YOUR GOAL:
Return copies of the lines below that mention "image".

DATA EXCERPTS:
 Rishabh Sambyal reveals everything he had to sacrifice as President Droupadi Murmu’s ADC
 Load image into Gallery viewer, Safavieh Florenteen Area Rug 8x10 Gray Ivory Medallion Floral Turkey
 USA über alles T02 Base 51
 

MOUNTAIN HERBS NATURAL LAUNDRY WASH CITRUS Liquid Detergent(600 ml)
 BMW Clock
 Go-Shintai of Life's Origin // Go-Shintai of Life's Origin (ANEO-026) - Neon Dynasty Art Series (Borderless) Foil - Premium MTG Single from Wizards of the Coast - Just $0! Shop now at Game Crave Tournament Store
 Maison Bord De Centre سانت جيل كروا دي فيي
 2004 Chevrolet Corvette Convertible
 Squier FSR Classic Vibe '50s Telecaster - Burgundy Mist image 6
---
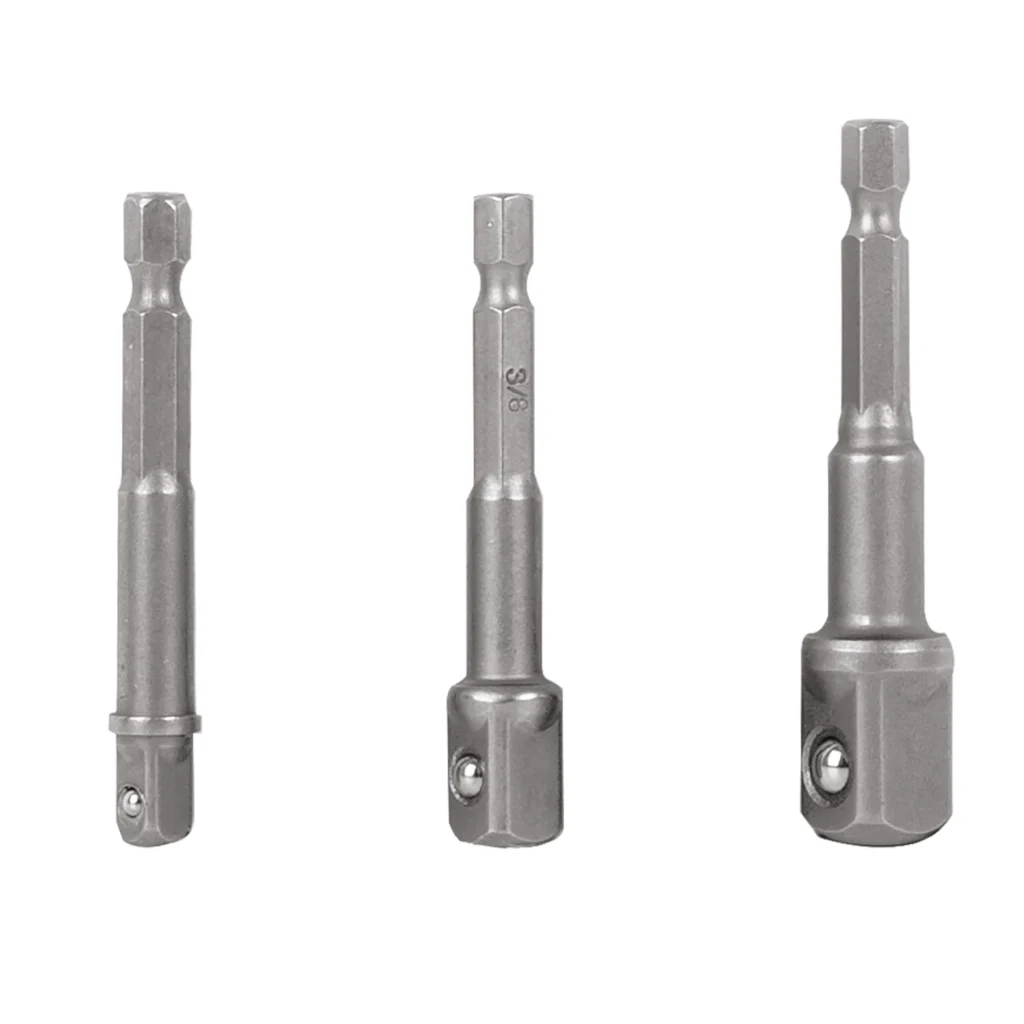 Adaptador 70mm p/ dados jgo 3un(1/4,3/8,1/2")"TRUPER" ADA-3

SOLUTION TO THIS EXERCISE:
 Load image into Gallery viewer, Safavieh Florenteen Area Rug 8x10 Gray Ivory Medallion Floral Turkey
 Squier FSR Classic Vibe '50s Telecaster - Burgundy Mist image 6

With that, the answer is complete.